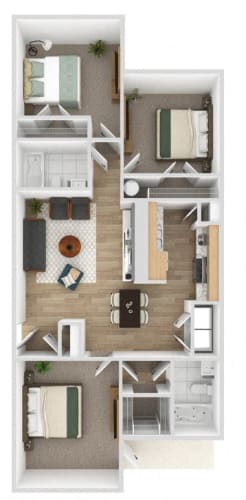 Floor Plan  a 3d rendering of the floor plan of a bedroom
────────────────
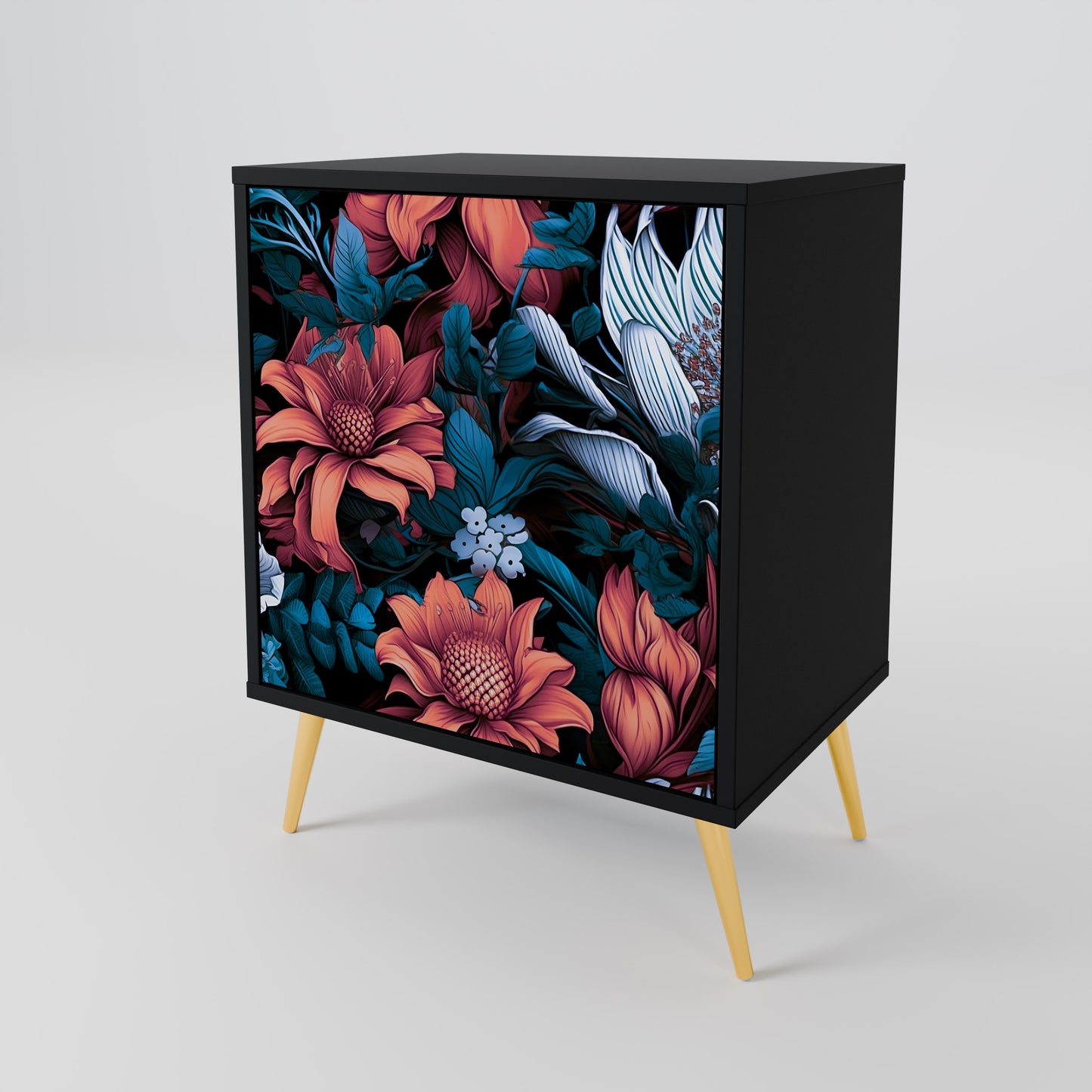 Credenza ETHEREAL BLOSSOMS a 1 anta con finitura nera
────────────────
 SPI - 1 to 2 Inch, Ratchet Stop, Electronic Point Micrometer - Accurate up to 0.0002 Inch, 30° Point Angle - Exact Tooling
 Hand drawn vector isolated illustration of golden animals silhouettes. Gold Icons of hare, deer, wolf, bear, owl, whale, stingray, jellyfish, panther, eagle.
────────────────
What you need to do — Extract the lines of the preceding material that run from the line with "SPI - 1 to 2" through the line with "Hand drawn vector", inclusive, reproducing them exactly and adding nothing.

Written response —
 SPI - 1 to 2 Inch, Ratchet Stop, Electronic Point Micrometer - Accurate up to 0.0002 Inch, 30° Point Angle - Exact Tooling
 Hand drawn vector isolated illustration of golden animals silhouettes. Gold Icons of hare, deer, wolf, bear, owl, whale, stingray, jellyfish, panther, eagle.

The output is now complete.